Assignment (multiple-choice)
There is one multiple-choice assignment in this course and this contains 20 to 30 multiple-choice questions. This assignment assesses fundamental concepts related to statistical methods and data- handling skills. This assignment is required to be submitted through the Online Assignment (MC) Submission System.
Assignments
There are four summative assignments for the course. The best three out of four assignments will be counted.

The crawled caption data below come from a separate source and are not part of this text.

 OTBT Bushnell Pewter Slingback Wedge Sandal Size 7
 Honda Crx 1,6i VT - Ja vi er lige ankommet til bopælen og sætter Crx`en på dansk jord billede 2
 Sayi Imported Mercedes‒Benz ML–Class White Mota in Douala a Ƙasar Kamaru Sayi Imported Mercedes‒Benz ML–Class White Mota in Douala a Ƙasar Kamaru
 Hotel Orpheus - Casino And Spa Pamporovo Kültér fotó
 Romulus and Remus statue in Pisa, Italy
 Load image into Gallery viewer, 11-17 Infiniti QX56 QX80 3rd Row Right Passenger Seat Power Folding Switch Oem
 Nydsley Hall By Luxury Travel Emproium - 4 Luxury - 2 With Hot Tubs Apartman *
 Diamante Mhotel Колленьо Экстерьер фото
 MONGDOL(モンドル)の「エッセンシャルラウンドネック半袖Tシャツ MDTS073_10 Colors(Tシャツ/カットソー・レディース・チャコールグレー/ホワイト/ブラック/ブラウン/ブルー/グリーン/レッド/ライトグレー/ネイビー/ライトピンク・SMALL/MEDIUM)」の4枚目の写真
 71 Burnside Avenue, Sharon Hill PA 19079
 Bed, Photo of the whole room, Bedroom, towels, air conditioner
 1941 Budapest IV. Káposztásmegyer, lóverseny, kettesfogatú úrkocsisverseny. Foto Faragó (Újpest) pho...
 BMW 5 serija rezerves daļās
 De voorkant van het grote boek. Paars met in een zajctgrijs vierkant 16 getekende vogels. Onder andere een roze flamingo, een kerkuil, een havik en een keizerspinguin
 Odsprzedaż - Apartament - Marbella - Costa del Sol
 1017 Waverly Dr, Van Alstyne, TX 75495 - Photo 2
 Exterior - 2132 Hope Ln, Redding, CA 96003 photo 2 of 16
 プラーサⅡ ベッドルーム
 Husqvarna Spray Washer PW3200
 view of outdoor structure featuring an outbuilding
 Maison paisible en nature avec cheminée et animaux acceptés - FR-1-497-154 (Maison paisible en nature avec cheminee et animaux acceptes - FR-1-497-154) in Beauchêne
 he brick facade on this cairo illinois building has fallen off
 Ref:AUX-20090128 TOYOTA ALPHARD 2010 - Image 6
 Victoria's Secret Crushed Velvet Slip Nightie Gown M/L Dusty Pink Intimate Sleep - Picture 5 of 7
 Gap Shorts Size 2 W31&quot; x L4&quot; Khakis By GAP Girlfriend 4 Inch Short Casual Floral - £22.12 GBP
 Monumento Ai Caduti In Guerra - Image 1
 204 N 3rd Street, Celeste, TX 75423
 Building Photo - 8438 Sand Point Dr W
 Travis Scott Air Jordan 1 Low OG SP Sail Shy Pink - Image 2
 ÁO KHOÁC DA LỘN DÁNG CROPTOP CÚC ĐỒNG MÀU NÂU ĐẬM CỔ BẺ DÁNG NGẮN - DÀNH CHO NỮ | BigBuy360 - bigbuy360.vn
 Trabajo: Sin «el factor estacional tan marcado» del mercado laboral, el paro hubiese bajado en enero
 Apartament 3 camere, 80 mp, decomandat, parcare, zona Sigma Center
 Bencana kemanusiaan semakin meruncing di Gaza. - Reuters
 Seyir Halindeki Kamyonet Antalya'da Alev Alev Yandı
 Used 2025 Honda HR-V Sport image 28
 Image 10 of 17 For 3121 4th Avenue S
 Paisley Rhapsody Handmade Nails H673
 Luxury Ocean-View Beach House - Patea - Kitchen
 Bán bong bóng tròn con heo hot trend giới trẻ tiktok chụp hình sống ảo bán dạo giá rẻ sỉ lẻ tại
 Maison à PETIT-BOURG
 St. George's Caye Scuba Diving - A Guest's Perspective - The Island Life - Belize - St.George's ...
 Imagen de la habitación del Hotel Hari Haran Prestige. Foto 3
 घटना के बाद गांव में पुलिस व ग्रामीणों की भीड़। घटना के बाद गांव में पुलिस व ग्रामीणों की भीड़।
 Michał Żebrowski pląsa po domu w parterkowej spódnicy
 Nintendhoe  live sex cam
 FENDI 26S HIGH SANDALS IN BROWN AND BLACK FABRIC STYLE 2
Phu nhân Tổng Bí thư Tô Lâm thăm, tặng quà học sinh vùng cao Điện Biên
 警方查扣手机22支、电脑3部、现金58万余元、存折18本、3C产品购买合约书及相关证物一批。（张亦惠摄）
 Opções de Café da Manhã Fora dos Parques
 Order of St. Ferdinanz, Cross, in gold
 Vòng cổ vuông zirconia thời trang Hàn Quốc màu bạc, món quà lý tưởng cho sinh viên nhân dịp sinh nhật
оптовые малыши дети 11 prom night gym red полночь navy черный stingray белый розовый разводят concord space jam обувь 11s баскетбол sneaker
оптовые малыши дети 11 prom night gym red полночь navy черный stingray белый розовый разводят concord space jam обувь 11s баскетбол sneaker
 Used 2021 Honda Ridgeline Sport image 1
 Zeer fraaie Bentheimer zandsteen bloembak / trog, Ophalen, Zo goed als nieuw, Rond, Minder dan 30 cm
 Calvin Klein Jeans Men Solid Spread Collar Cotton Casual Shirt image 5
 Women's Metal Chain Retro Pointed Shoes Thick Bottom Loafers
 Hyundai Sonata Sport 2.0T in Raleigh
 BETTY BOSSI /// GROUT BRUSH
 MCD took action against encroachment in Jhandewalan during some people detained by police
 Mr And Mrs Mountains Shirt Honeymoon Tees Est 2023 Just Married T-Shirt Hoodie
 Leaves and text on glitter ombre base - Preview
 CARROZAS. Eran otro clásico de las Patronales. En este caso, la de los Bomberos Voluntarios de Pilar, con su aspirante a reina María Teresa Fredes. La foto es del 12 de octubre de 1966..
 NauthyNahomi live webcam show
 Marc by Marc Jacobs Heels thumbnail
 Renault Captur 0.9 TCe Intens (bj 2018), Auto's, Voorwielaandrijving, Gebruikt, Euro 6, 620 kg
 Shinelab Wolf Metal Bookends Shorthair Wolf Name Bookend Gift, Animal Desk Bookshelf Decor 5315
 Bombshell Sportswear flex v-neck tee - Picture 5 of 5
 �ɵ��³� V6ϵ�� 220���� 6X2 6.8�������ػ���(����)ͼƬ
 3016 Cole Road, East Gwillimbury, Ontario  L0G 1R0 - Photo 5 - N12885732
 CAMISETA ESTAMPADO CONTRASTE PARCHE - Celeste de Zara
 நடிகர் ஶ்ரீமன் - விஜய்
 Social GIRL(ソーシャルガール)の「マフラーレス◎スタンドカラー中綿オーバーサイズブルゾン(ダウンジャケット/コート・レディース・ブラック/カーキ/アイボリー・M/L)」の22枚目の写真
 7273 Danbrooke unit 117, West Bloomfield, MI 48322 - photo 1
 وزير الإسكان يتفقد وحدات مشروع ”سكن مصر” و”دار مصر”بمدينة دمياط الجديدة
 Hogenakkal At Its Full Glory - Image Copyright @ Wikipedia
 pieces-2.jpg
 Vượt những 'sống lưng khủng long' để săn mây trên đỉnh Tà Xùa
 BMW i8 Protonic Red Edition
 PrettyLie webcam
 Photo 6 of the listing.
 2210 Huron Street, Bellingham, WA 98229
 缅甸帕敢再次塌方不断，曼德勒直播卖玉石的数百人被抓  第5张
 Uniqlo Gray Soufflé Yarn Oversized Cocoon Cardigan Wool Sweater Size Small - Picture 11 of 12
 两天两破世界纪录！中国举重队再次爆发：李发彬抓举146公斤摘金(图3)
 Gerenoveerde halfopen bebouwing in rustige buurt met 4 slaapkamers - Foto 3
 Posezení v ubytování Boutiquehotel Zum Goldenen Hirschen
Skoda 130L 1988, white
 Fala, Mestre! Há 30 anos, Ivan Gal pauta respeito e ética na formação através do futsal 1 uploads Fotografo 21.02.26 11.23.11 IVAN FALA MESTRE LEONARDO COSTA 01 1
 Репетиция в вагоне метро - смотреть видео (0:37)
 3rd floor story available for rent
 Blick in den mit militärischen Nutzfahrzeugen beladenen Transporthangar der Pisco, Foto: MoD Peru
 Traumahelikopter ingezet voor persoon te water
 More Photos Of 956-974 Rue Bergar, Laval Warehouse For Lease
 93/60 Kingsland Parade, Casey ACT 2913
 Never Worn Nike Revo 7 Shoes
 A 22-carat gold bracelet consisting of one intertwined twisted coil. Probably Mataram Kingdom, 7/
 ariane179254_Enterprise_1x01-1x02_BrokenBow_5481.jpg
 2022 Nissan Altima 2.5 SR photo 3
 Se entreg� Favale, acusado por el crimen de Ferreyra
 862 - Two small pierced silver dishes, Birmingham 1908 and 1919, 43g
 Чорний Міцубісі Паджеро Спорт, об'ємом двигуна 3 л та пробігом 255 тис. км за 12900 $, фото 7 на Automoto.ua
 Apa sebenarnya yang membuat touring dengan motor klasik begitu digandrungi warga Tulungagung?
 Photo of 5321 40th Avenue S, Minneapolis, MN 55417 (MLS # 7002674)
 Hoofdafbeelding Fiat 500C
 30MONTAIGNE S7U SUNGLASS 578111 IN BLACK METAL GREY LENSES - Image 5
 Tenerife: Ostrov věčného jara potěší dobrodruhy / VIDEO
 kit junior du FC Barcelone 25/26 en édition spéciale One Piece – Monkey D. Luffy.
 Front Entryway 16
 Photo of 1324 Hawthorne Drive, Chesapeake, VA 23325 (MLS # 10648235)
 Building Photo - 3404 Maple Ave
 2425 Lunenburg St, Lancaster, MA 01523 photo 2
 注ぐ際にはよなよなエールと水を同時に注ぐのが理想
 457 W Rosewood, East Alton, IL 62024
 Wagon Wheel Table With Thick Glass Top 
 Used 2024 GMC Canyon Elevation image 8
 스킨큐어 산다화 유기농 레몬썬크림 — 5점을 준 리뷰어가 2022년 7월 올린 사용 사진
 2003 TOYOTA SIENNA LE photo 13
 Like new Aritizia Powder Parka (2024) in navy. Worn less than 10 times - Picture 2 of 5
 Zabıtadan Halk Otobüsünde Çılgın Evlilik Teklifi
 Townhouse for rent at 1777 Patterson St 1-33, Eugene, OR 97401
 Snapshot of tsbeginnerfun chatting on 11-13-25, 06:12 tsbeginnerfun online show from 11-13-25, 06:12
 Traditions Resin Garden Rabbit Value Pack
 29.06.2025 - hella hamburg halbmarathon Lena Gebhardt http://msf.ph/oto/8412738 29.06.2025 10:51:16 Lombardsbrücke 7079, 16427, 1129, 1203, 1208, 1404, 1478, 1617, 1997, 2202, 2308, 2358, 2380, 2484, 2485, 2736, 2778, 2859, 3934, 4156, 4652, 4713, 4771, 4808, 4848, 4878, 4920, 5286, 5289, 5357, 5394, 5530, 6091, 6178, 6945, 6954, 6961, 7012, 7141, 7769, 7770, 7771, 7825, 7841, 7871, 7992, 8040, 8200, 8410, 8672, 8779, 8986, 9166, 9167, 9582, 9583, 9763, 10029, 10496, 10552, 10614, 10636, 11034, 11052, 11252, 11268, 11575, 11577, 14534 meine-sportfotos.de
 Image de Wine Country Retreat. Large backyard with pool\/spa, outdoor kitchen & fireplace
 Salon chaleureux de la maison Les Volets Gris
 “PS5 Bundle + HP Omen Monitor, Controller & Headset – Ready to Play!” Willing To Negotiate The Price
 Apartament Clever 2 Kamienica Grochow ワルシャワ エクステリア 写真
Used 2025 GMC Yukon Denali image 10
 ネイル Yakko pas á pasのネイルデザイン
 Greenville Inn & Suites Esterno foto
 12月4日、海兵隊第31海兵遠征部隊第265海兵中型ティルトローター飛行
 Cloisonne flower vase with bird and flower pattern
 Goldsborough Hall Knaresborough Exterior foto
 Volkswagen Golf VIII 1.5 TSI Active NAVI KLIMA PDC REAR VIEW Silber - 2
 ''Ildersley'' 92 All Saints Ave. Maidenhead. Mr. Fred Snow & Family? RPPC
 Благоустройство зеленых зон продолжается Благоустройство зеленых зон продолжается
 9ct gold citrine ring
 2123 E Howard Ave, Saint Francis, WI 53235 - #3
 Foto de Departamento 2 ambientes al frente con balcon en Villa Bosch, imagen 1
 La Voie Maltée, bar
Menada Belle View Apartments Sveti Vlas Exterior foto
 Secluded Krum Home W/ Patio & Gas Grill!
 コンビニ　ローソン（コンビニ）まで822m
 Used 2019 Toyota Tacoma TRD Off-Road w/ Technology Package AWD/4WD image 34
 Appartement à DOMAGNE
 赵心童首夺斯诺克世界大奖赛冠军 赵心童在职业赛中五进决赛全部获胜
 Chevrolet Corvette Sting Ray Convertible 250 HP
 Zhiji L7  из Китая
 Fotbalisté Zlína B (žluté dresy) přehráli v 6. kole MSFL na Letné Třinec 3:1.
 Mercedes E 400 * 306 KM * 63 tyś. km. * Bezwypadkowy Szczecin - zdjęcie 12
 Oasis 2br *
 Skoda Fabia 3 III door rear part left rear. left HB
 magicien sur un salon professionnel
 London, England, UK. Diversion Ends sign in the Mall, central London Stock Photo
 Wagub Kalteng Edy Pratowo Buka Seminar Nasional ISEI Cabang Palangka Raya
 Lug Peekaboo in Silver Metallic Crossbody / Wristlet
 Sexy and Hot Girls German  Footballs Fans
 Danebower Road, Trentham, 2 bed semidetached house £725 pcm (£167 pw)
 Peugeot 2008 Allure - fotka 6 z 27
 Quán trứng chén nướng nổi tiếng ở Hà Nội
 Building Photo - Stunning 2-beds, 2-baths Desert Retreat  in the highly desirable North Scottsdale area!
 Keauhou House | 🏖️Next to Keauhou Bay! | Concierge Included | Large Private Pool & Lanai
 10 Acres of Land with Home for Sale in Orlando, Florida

Upon receiving your assignment, tutors will be required to mark the assignments and return them to you with your scores, comments, and feedback.
Assessment summary
The assessment items and their marks are outlined in the following table.
| Type and coverage | Weighting | Number required |
Continuous assessment (30%) | Assignment (MC) 1 (required): 20–30 multiple-choice questions covering Unit 1 | 25% | 1 (25%) |
Assignment 2 (summative): 3–4 independent problem-solving questions covering Unit 2 and Unit 3 | 25% | Select the best 3 out of 4 assignments (75%) |
Assignment 3 (summative): 3–4 independent problem-solving questions covering Unit 4 and Unit 5 | 25% |
Assignment 4 (summative): 3–4 independent problem-solving questions covering Unit 6 and Unit 7 | 25% |
Assignment 5 (summative): 3–4 independent problem-solving questions covering Unit 8 and Unit 9 | 25% |
Exam (70%) | A three-hour examination covering the whole course | 100% | |
Examination
The purpose of the examination is to assess your understanding of the material covered in the entire course. The three-hour final examination will be 'closed book', with the exception of the Course Formula Booklet and Statistical Tables. The examination is worth 70% of the total course mark. The exam paper will be divided into two parts:
- Part I will contain some short questions that assess your general knowledge of the course material from all units.
- Part II will comprise more challenging long questions based on a problem-solving approach. The questions will assess your skills in statistical analysis and using methods of inferential statistics for the analysis of real-life problems, and in concluding results for recommendation.
Specimen examination
To help you prepare for the final examination, you will be sent a specimen examination paper some time before the actual examination. You should work through this carefully, together with the sample solutions that will be provided.